Ini KRI Singa 651 Buatan PT PAL, Kapal Perang Canggih Anti Kapal Selam

Tim Basarnas Bali melibatkan TNI AL untuk membantu mencari korban hilang KM Liberty 1 yang tenggelam.

TNI AL lantas mengerahkan KRI Singa 651". KRI Singa 651 untuk bergabung dengan SAR mencari korban KM Liberty 1 yang mengalami kecelakaan laut pada Sabtu 23 Oktober 2021 lalu sekitar pukul 22.07 WITA.

Kapal jenis Chargo berbendera Indonesia yang membawa 15 orang ABK dihantam badai di Perairan Utara Bali yang menyebabkan kapal tenggelam, sementara 6 orang ABK berhasil selamat.

Dilansir dari Antara News dan laman TNI AL, dalam pelaksanaan SAR, dua orang berhasil ditemukan kapal chargo SPOB Seroja 01 dalam kondisi 1 selamat dan 1 meninggal.

Sedangkan 7 orang sisanya sampai saat ini masih dalam proses pencarian.

Sebelumnya diketahui, bahwa KM Liberty 1 lepas sandar dari Pelabuhan Tanjung Perak Surabaya pada Jumat 22 Oktober pukul 00.07 WIB dini hari menuju Reo Flores NTT.

Namun pada Sabtu 23 Okober 2021 pukul 22.07 WITA, kapal yang berjenis cargo ni tenggelam karena dihantam badai di perairan utara Bali.

Pada Kamis 29 Oktober 2021, KRI Singa 651 menemukan tumpahan minya berjarak sekitar 25 NM arah barat daya dari lokasi Life Jacket dan logistik yang dicurigai sebagai bagian dari KM Liberty 1.

Pada Jumat 29 Oktober 2021, TNI AL kembali mendukung kegiatan SAR dengan mengerahkan KRI Singa 651.

Menilik kecanggihan kapal milik TNI AL tersebut, KRI Singa 651 berada di bawah jajaran Satuan Kapal Cepat (Satkat) Koarmatim, memiliki kemampuan tempur Anti Kapal Selam (AKS).

Dilansir Zonajakarta.com dari laman tni.mil.id, Kapal Perang jenis Fast Patrol Boat (FPB) itu merupakan salah satu produksi dalam negeri PT PAL Indonesia yang bermarkas di Ujung Surabaya.

KRI Singa 651 diserahkan ke TNI AL pada tahun 21 April 1988 dengan Komandan pertama dijabat oleh Letkol Laut (P) T.H. Lubis.

Meski dibuat industri maritim dalam negeri, namun kemampuan tempur FPB  PT PAL ini tidak kalah dengan kapal-kapal buatan negara asing.

FPB PT PAL ini dilengkapi dengan sistem penginderaan berupa radar berteknologi canggih dan senjata yang ditakuti lawan bawah air yaitu Kapal Selam.

Kapal Cepat Rudal (KCR) itu didukung oleh dua Mesin Turbin (MTU) buatan Jerman sebagai mesin pendorong pokok.

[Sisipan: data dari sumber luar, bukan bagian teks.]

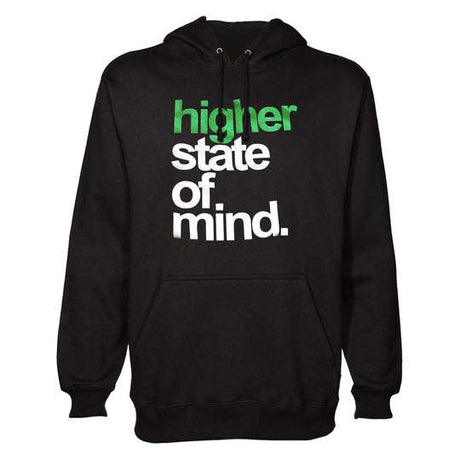 StonerDays Hsom Og Pullover Hoodie in black with white and green print, front view on white background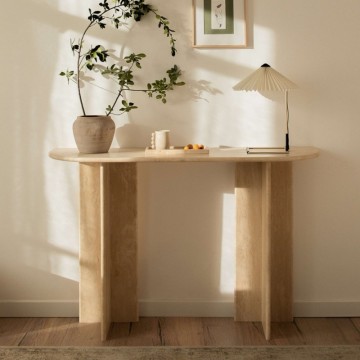 Table de la console de luxe en travertin beige naturel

Kedua mesin turbin tersebut dapat mendukung manuver kapal untuk melajut dengan kecepatan maksimal hingga 29 knot di atas permukaan air.

Hal itu memungkinkan bagi KRI Singa 651 untuk melakukan serangan mendadak terhadap garis depan pertahanan lawan dan segera menghindari dari jangkauan senjata musuh.

Senjata pamungkas yang dimilki KRI Singa 651 di antaranya Meriam Bofors kaliber 57 dan 40 mm buatan Swedia, Meriam Rheinmetal kaliber 20 mm buatan Jerman serta diperkuat dengan senjata AKS Torpedo SUT buatan AEG Telefunken Jerman.

Persenjataan tersebut terintegrasi dengan sensor radar permukaan dan bawah air yaitu Radar Navigasi Raytheon Marine buatan Amerika Serikat serta Sonar Bawah Air berupa Sonar Control Console buatan HAS Belanda.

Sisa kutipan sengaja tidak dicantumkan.